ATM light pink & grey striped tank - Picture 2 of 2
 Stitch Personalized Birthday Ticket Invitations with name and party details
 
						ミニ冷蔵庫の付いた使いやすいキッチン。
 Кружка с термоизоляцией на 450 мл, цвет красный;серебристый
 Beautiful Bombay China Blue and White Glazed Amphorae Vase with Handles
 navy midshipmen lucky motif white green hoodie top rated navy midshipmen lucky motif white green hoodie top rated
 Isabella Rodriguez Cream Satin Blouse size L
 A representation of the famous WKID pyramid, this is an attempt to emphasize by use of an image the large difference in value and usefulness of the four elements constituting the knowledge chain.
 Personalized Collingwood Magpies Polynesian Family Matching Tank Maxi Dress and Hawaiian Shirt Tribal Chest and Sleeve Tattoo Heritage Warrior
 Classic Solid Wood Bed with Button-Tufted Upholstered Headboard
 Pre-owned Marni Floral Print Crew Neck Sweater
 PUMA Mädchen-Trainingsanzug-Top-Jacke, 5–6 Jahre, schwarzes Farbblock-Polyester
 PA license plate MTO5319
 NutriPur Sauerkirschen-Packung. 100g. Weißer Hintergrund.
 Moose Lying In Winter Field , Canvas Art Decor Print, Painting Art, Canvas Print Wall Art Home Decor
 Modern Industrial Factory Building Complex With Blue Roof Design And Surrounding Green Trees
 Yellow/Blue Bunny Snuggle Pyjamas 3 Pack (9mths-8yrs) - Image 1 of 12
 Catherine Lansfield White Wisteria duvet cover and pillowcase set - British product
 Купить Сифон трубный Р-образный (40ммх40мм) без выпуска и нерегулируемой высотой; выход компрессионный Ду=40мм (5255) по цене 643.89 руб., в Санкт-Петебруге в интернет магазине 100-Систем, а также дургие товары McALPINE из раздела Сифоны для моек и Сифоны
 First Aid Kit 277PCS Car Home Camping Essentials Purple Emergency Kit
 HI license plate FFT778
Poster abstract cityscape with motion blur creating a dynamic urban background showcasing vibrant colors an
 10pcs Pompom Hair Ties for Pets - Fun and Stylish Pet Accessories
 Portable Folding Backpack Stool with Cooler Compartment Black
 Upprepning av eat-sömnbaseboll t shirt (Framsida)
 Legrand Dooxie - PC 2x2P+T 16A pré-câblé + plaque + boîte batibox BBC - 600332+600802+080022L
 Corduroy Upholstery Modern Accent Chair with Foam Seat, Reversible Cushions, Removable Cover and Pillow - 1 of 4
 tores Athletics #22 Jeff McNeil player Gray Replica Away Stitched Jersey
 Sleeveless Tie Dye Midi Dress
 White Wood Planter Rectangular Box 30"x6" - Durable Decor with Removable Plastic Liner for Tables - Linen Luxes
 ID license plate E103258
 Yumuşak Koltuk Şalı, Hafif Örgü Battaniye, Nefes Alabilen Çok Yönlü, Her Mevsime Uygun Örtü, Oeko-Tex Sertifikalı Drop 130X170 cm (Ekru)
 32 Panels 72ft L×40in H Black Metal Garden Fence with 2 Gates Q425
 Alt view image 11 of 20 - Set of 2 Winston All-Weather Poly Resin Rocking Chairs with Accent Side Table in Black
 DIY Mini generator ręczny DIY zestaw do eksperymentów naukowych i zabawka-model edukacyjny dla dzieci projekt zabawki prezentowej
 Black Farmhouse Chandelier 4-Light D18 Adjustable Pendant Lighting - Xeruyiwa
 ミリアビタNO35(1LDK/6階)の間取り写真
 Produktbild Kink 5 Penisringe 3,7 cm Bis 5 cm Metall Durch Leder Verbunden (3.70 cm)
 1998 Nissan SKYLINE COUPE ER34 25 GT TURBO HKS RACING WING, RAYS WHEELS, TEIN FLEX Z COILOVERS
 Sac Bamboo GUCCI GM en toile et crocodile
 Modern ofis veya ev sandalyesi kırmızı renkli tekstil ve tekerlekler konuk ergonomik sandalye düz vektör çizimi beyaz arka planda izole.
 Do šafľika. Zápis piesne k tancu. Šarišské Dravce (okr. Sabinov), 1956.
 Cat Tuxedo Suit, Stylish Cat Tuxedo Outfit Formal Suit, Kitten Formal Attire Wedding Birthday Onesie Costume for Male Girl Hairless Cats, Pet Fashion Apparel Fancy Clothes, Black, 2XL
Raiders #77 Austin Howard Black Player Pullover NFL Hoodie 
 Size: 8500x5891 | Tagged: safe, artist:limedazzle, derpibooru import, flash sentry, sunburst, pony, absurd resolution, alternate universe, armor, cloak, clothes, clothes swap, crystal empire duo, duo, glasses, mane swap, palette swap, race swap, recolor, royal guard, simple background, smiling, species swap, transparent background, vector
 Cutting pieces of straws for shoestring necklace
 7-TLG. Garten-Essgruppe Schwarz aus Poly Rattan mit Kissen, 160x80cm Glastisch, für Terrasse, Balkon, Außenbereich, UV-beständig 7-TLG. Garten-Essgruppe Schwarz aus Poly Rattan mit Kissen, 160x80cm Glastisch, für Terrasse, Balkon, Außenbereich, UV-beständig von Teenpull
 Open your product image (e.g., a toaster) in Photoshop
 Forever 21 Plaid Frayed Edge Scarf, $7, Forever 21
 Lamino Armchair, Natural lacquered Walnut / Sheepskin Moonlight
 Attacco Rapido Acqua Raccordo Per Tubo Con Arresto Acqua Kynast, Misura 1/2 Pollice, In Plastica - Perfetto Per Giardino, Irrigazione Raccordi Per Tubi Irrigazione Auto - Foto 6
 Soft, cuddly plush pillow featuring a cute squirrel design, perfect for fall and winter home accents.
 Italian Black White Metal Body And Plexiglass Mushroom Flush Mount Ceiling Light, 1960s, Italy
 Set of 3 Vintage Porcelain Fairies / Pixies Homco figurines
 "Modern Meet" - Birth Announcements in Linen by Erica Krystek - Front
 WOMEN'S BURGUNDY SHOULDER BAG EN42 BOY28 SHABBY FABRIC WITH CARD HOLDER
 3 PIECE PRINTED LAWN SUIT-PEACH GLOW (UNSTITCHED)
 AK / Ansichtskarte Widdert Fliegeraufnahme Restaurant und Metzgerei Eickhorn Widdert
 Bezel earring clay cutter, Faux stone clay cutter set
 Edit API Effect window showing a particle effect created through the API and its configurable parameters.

+ + + + + + +

_About this exercise_
Beginning with the line that has "Sac Bamboo GUCCI GM en toile et crocodile" and ending with the line that has "Raiders #77 Austin", set down the lines above exactly and include no others.

_Task solution_
 Sac Bamboo GUCCI GM en toile et crocodile
 Modern ofis veya ev sandalyesi kırmızı renkli tekstil ve tekerlekler konuk ergonomik sandalye düz vektör çizimi beyaz arka planda izole.
 Do šafľika. Zápis piesne k tancu. Šarišské Dravce (okr. Sabinov), 1956.
 Cat Tuxedo Suit, Stylish Cat Tuxedo Outfit Formal Suit, Kitten Formal Attire Wedding Birthday Onesie Costume for Male Girl Hairless Cats, Pet Fashion Apparel Fancy Clothes, Black, 2XL
Raiders #77 Austin Howard Black Player Pullover NFL Hoodie 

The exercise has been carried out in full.